Build a tent indoors or outdoors with blankets and sheets. Once the tent is up, make a password so only you and them can enter. You can even choose to sleep in the tent that night making it even more fun.
Do a treasure hunt
Make a treasure map out of brown paper with clues to find some treasure you have hidden somewhere in the house or garden. Even the smallest treasure, when found, will be greeted with much excitement.

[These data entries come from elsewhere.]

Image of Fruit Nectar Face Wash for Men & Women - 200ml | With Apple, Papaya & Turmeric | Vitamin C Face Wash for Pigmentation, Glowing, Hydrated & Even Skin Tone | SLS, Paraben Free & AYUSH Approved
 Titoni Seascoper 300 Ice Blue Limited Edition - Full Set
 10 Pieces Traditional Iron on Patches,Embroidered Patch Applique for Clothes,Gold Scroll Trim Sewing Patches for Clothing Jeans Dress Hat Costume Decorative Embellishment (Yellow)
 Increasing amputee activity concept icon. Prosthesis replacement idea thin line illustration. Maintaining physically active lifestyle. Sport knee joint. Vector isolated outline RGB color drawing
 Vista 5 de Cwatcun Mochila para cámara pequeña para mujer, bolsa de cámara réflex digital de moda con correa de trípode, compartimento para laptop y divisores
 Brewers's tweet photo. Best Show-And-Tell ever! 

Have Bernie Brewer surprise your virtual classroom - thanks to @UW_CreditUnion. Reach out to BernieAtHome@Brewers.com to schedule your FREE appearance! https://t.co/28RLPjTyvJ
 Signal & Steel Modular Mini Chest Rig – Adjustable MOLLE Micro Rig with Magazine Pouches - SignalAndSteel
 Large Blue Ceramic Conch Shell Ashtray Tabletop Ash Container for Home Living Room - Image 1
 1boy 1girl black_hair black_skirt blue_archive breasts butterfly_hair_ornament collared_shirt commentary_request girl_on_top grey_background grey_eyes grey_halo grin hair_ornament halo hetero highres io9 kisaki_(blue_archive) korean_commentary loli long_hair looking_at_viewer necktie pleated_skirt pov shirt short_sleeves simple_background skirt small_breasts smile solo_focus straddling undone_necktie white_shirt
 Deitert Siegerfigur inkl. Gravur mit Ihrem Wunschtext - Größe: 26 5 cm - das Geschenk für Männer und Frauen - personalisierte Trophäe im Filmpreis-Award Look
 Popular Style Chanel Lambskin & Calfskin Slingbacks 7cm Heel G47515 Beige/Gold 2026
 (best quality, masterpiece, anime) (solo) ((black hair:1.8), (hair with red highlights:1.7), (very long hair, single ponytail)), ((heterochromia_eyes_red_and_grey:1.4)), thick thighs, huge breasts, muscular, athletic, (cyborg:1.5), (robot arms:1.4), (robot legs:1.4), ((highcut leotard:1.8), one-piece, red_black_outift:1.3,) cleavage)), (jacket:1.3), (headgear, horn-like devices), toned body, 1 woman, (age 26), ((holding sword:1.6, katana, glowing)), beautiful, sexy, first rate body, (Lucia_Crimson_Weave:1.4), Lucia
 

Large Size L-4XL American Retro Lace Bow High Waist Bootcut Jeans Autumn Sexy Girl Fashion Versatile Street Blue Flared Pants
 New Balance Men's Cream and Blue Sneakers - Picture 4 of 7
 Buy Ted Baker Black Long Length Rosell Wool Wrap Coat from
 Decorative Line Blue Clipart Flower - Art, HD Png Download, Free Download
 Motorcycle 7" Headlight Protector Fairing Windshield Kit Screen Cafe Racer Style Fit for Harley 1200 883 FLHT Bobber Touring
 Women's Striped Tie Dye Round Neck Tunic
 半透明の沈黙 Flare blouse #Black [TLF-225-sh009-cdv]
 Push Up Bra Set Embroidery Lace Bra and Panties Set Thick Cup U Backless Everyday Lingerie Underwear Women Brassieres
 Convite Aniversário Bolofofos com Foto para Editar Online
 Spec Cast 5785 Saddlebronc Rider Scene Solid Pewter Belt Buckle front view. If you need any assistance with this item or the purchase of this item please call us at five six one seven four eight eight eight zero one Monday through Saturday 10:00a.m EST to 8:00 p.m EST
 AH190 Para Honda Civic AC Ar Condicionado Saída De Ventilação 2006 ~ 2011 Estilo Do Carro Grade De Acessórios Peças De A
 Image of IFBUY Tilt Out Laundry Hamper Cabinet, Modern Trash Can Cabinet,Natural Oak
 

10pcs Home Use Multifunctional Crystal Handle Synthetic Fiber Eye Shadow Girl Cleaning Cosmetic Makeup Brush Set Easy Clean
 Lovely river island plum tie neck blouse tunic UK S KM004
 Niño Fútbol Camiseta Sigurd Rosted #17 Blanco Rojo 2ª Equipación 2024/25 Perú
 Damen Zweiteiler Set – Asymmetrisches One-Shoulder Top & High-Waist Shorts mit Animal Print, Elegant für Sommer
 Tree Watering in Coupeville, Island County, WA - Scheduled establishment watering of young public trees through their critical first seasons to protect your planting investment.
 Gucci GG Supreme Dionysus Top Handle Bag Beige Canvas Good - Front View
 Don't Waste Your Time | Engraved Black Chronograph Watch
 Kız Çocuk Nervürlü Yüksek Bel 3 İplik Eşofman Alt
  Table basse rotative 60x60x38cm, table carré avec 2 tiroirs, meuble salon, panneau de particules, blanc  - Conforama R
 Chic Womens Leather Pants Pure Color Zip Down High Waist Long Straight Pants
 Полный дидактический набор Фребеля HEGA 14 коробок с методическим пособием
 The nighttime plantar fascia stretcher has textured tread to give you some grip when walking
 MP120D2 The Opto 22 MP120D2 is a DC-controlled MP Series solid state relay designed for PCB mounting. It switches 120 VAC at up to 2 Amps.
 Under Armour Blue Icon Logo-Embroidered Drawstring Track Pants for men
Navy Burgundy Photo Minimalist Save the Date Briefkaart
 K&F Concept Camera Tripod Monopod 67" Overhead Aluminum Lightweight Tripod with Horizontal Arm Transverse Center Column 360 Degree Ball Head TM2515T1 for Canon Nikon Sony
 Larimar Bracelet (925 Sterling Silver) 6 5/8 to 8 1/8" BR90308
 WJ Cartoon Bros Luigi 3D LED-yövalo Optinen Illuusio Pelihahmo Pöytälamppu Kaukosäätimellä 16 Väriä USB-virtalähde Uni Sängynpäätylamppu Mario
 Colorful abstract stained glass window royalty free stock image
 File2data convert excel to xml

Go on a colour hunt in the house
Collect objects of a certain colour. The winner has collected the most objects in the set time.
Make an imaginary world
In a large rectangle bucket or tray, create your own play scene. Place rocks, small twigs, bark or sticks from trees for an outdoor scene or use little toys to create your imaginary world. Now invite Mom, Dad and siblings to play in your world.
Build a garden patch
Dedicate a small patch in the garden to the kids and create an outdoor play garden. Fill with pots, a small rake, bucket, spoons, utensils and solid plastic toys like animal figurines. Plant flowers, herbs, lettuce — anything that grows quickly and gives them the satisfaction of having produced something. If your kids are small, just give them a spade, put on their old clothes, and let them loose.
Go for a bike ride
Whether it is around the house, through the garden, in quiet streets or perhaps even in a deserted parking lot. Go and burn off some energy that they will undoubtedly have from being home for so long. You could even have a jog next to them and get in a little stress-relieving too.
Enjoy some Netflix
Why does everything have to be educational? Why not make some popcorn and put on a good movie and let them enjoy the story and colours and sounds while you enjoy a hot coffee and a book? Or perhaps you will enjoy a Julia Donaldson movie too!
Sometimes you just need a little help and a little break. Have a look at FitBrain
and Skidz Educational Boxes
. You can browse their extensive range for a brilliant solution to entertain children whilst educating young minds. They have everything… and we mean everything you can imagine!
Sometimes it’s not about the story or the pictures. Sometimes it is about switching off all the lights and mom can put on a story book show with different voices for different characters. A favourite is The Smartest Giant in Town by Julia Donaldson. There are perfect parts for different sounds. Or you can make your own story!
Boardgames and puzzles
Monopoly Junior, Giant snakes and Ladders, Memory, big puzzles and small puzzles. All of these are interactive and educational. Even if the game seems a little long make it fun by making your own rules sometimes.
Tips for parents:
Remain calm and reassuring
– Remember that children will react to both what you say and how you say it. They will pick up cues from the conversations you have with them and with others.
Make yourself available to listen and to talk
– Make time to talk. Be sure children know they can come to you when they have questions.
Avoid language that might blame others and lead to stigma
– Remember that viruses can make anyone sick, regardless of a person’s age, race or ethnicity. Avoid making assumptions about who might have COVID-19.
Pay attention to what children see or hear on television, radio, or online
– Consider reducing the amount of screen time focused on COVID-19. Too much information on one topic can lead to anxiety.
Provide information that is honest and accurate
– Give children information that is truthful and appropriate for the age and developmental level of the child.
– Talk to children about how some stories on COVID-19 on the Internet and social media may be based on rumours and inaccurate information.
Teach children everyday actions to reduce the spread of germs
– Remind children to stay away from people who are coughing or sneezing or sick.
– Remind them to cough or sneeze into a tissue or their elbow, then throw the tissue into the trash.
– Discuss any new actions like school closing to help protect children and school staff.
(e.g. increased handwashing, cancellation of events or activities)
– Get children into a handwashing habit.